Personal information
- Full name: Chibuzo Udo Nwoko Junior
- Date of birth: 5 December 2005 (age 20)
- Place of birth: England
- Height: 1.83 m (6 ft 0 in)
- Position: Midfielder

Team information
- Current team: Fulham
- Number: 34

Youth career
- Fulham

Senior career*
- Years: Team / Apps / (Gls)
- 2026–: Fulham / 0 / (0)
- 2026–: → Forest Green Rovers (loan) / 20 / (1)

International career
- 2023: England U18 / 3 / (0)

= Chibuzo Nwoko =

Nigerian footballer (born 2005)

Chibuzo Udo Nwoko Junior (born 5 December 2005) is a professional footballer who plays as a midfielder for Fulham. Born in England, he has represented England internationally at youth level and has been called up to represent Nigeria internationally.

==Early life==
Nwoko was born on 5 December 2005. Born in England, he is of Nigerian descent through his father.

==Club career==
As a youth player, Nwoko joined the youth academy of English Premier League side Fulham at under-12 level and was promoted to the club's under-21 team ahead of the 2024–25 season.

Subsequently, he was sent on loan to English outfit Forest Green Rovers in 2026, where he made twenty league appearances and scored one goal. On 10 January 2026, he debuted for the club during a 2–0 away win over Ebbsfleet United in the FA Trophy.<//ref> The same year, he was promoted to the Cottagers senior team. On 27 August 2026, he debuted for them during a 3–0 home win over AFC Wimbledon in the EFL Cup.

==International career==
Nwoko is an England youth international and has represented the country internationally at under-18 level. On 9 June 2023, he debuted for the England national under-18 football team during a 2–2 away draw with the Norway national under-18 football team.

Altogether he made three appearances and scored zero goals while playing for the England national under-18 football team.
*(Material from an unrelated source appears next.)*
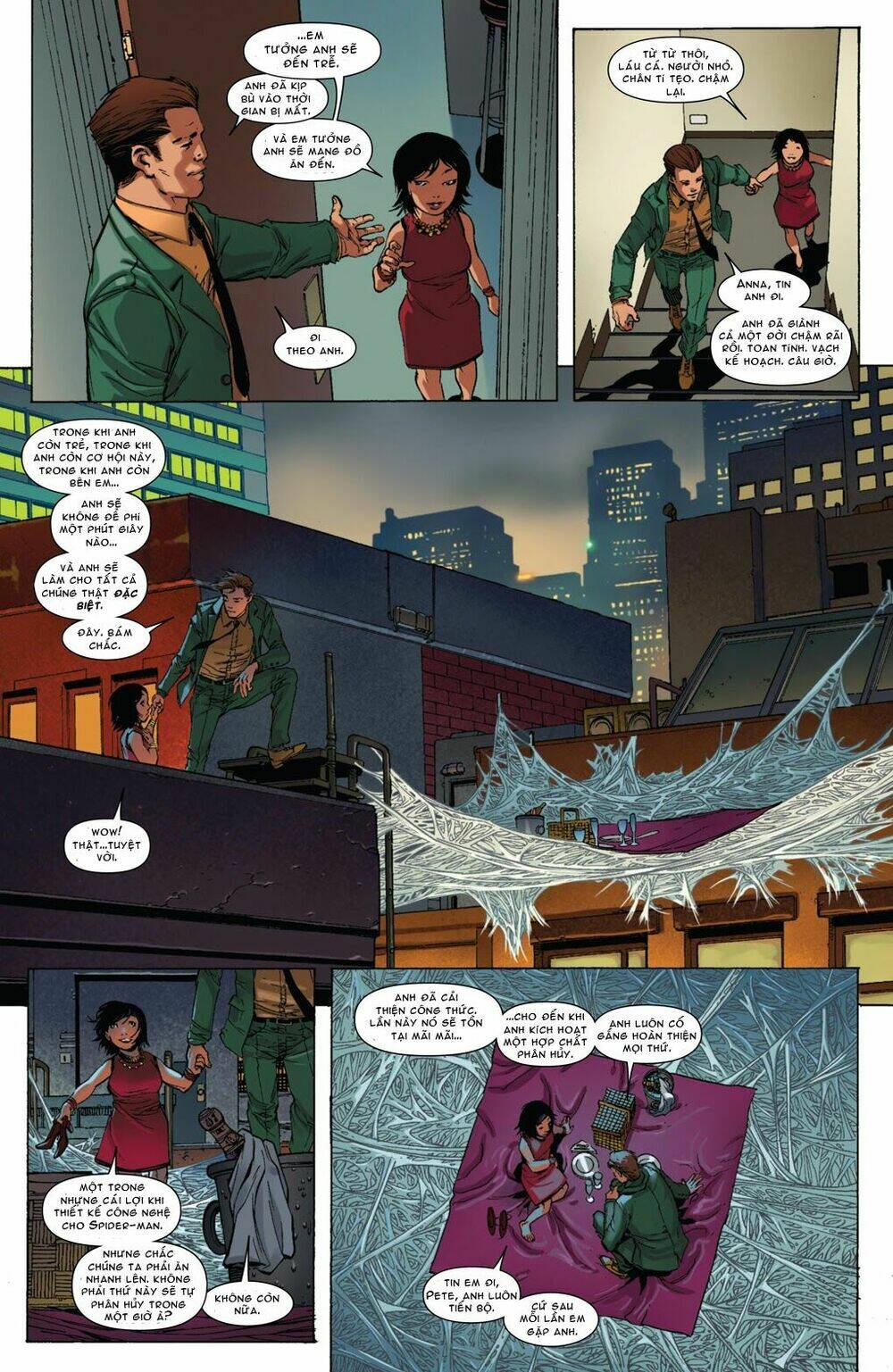 Superior Spider Man Chapter 20 - Trang 2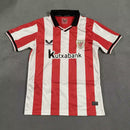 Athletic Club Bilbao Home Jersey 2025/26 – Classic Stripes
During September 2026, he was first called up to the Nigeria national football team for 2027 Africa Cup of Nations qualification.

==Style of play==
Nwoko plays as a midfielder and is left-footed. Nigerian news website Afrik-Foot wrote in 2026 "with the capacity to play as a six, eight or 10... [he] can sit in front of the defence, operate as a central midfielder or move higher into an attacking midfield role... his passing range can help... build attacks from deeper areas, while his ability to break up play gives him defensive value".